> **RECORDS FOR PROCESSING**
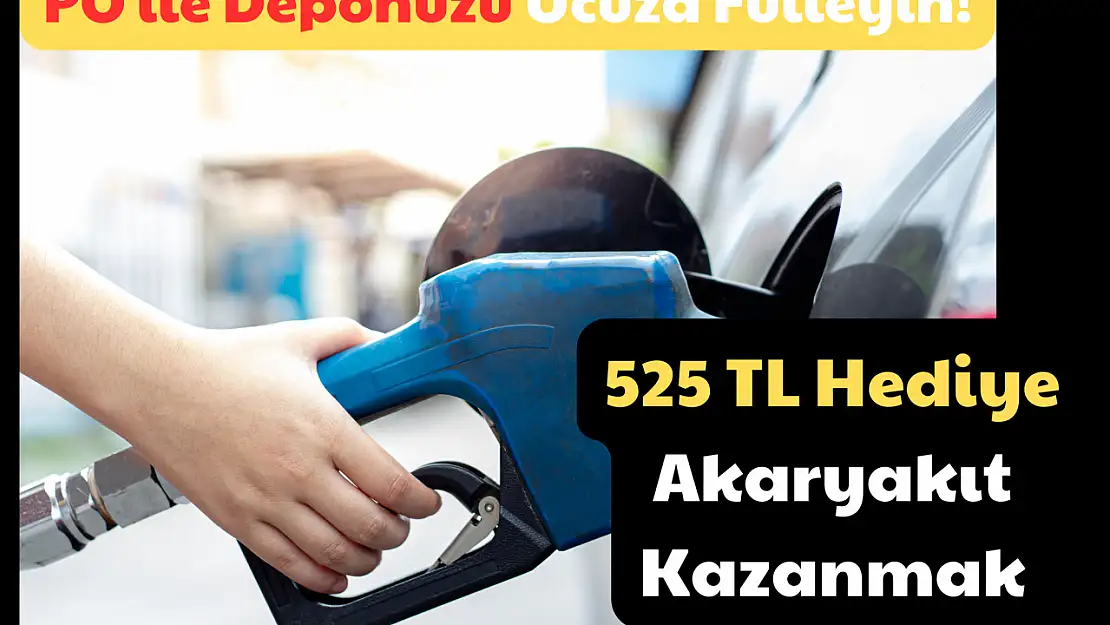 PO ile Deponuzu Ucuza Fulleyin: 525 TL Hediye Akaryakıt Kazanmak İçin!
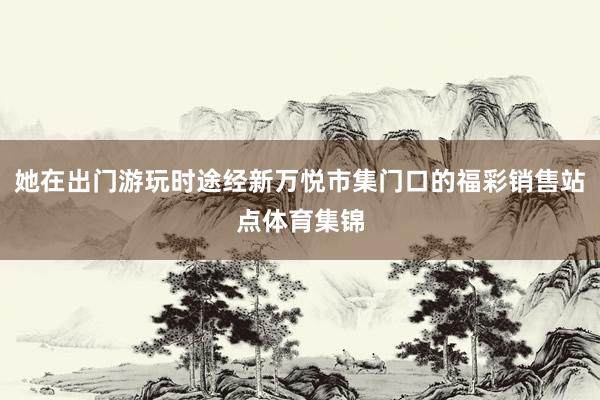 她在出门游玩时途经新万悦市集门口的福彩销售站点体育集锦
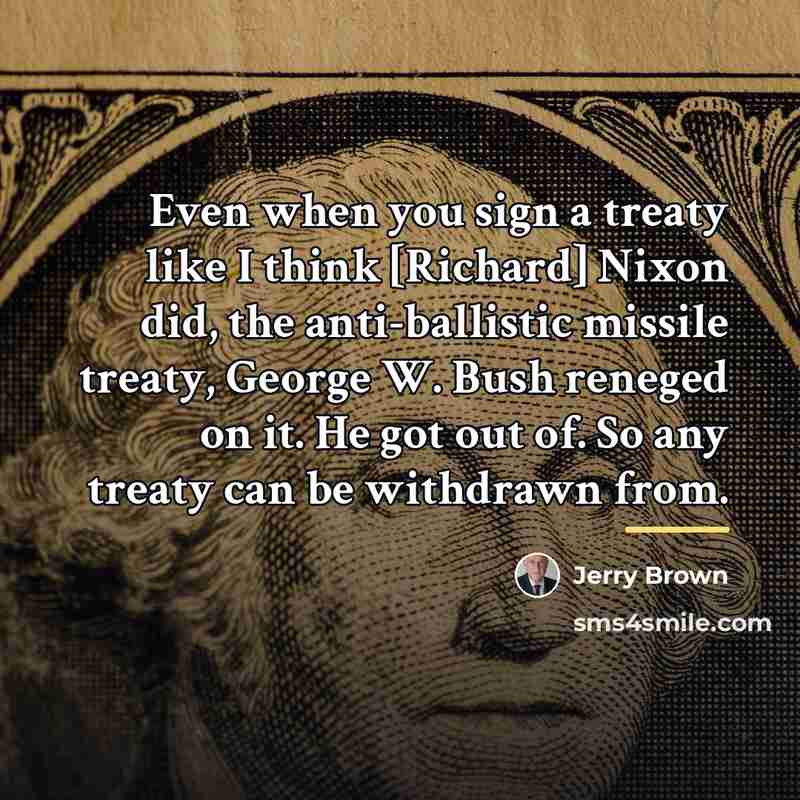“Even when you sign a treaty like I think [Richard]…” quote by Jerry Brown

--

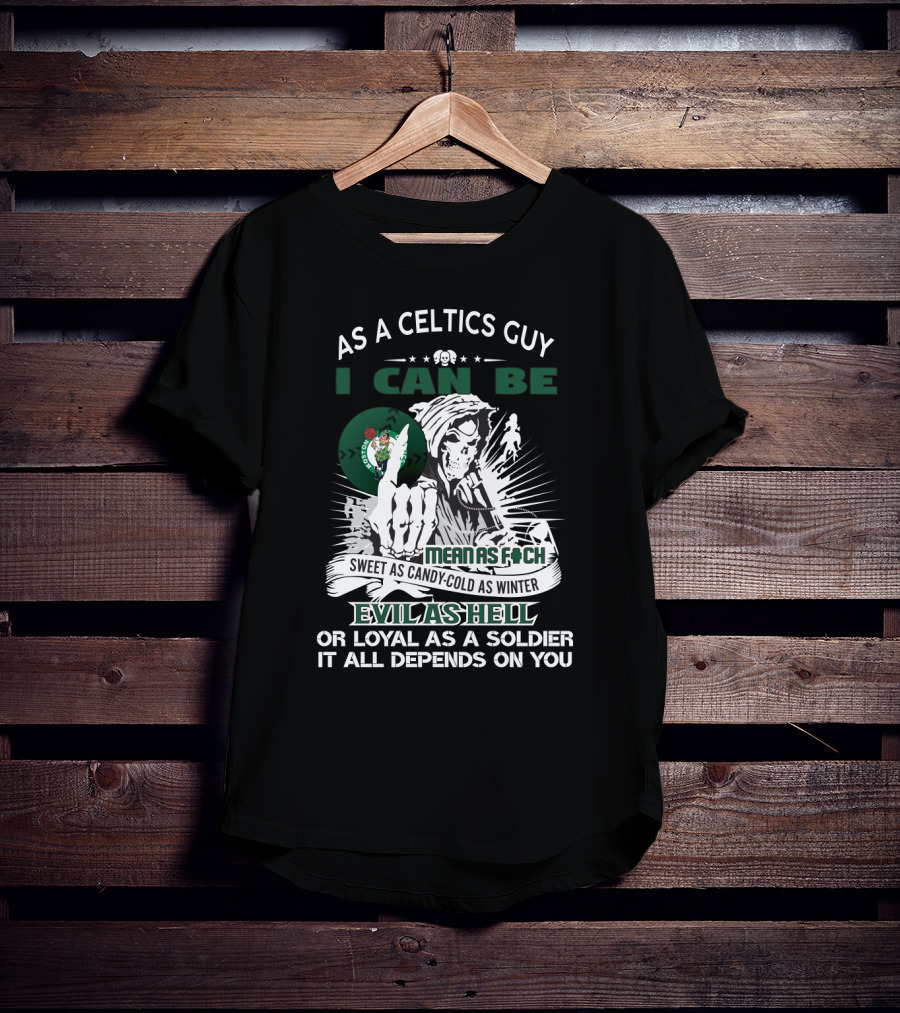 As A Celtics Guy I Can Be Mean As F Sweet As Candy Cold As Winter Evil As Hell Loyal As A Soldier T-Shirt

> **WHAT THE EXERCISE ASKS**
Between and including the line with "她在出门游玩时途经新万悦市集门口的福彩销售站点体育集锦" and the line with "by Jerry Brown", repeat every line exactly as it appears above, with pictures left out.

> **RESPONSE**
 她在出门游玩时途经新万悦市集门口的福彩销售站点体育集锦
“Even when you sign a treaty like I think [Richard]…” quote by Jerry Brown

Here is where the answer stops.